OWTU, Petrotrin retirees deliver letter to PM over lost benefits

File photo: Ancel Roget
File photo: Ancel Roget

Petrotrin retirees have delivered a letter to the Prime Minister over their medical plan and pension issues

On Friday, several Petrotrin retirees accompanied by executive members of the Oilfield Workers’ Trade Union (OWTU) hand-delivered the letter to the Office of the Prime Minister at Whitehall in Port of Spain.

Speaking with the media outside, OWTU president general Ancel Roget said the retirees have all experienced great challenges and difficulties as a result of the shutting down of their medical plan and the underfunding of their pension plan. He said over 5,000 people are affected.

He said when Petrotrin was closed on November 30, 2018, it brought with it many difficulties. One of the most significant, he said, was the closure of the Petrotrin employees' medical plan.

“That medical plan was a negotiated benefit to the active workers and the retirees which guaranteed a level of quality healthcare, also giving them access to various Petrotrin medical centres. With the closing down of the company, all of that came to an abrupt end, and it is unfortunate that those who were in government at the time and continued knew very well that these retirees...would have contributed throughout their working lives to the development of our country’s economy.”

The removal of the medical plan, he said, was not just the elimination of a casual benefit, and he criticised “the disrespect to those workers and the undignified treatment to those workers who would have contributed to national development.”

He declared, “Many of those retirees would have suffered and died as a result of not being able to access proper medical attention and proper healthcare and so on, that which they were entitled to during their time of work, and that which they are also entitled to at their time of retirement. That was a negotiated term and condition of worker benefit that the government just took away from those retirees.”

He said the pension plan, when Petrotrin was closed, had a deficit of $4.6 billion, and the government was warned by the trustees to close the deficit immediately, since they were sending workers home and there would no longer be anyone to make contributions to the plan.

“The government, through the minister of finance in the Parliament and elsewhere, through the Prime Minister himself, through Minister Young and the former deceased minister of energy Franklin Khan, would have repeatedly said publicly and also told us of their commitment to fund that deficit.

"Today, that deficit has not been funded. So $4.6 billion in 2018 to now has increased tremendously.”

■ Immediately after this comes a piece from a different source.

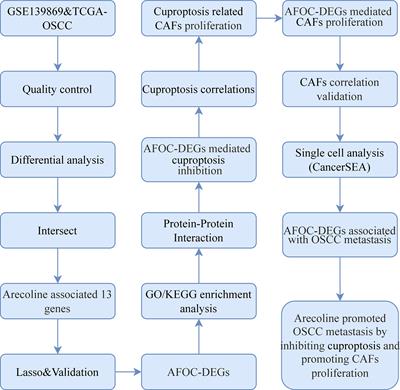 Arecoline Is Associated With Inhibition of Cuproptosis and Proliferation of Cancer-Associated Fibroblasts in Oral Squamous Cell Carcinoma: A Potential Mechanism for Tumor Metastasis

He said that threatens the viability of the plan so that the retired workers are not only unable to access their medical plan, but also face the collapse of their pension plan.

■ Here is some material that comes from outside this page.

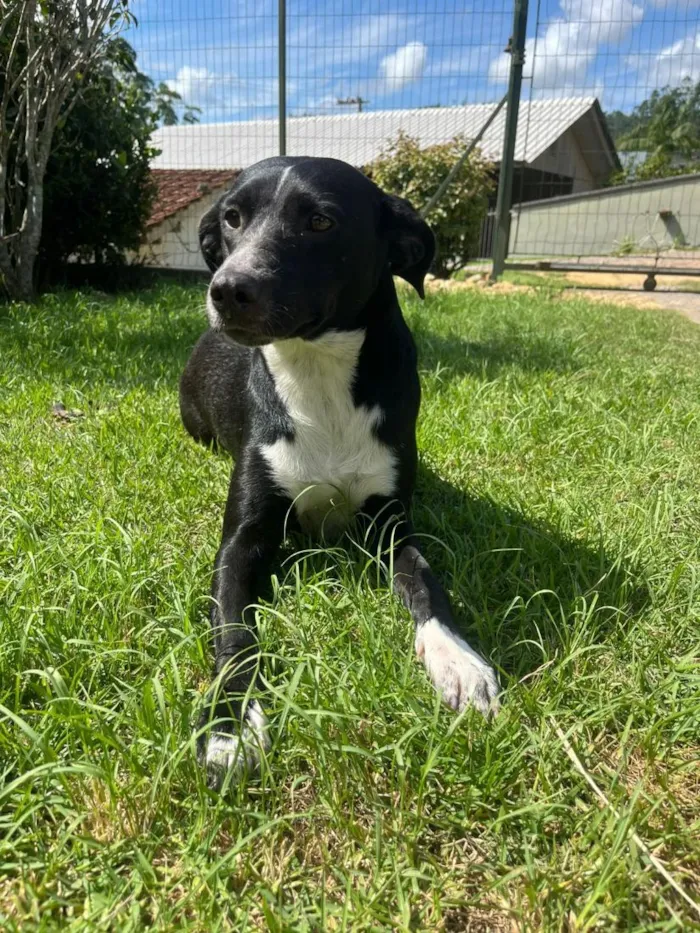 Cachorro raça SRD-ViraLata idade 2 anos nome Georgina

“That is unfair and unjust to those who would have toiled and who would have toiled tirelessly at all hours of the day and night to ensure that oil comes out from beneath the earth, oil goes to the refinery, and that that the country earns foreign exchange and benefits as a result of their toiling.”

He is calling on Dr Rowley to make good on the commitment he gave in 2018 to ensure the pension plan deficit is funded and that there is no longer a deficit so that all the plan members' pensions would be safe.

“It is the least they can do in a situation where they would have shut down the national oil company.

He also wanted the PM to restore the medical plan to its previous level "so that we can save the lives of those who today are knocking on death's door as a result of the removal of this very crucial and important benefit.”

He added that the reason why the union negotiated was not only for coverage during their working years.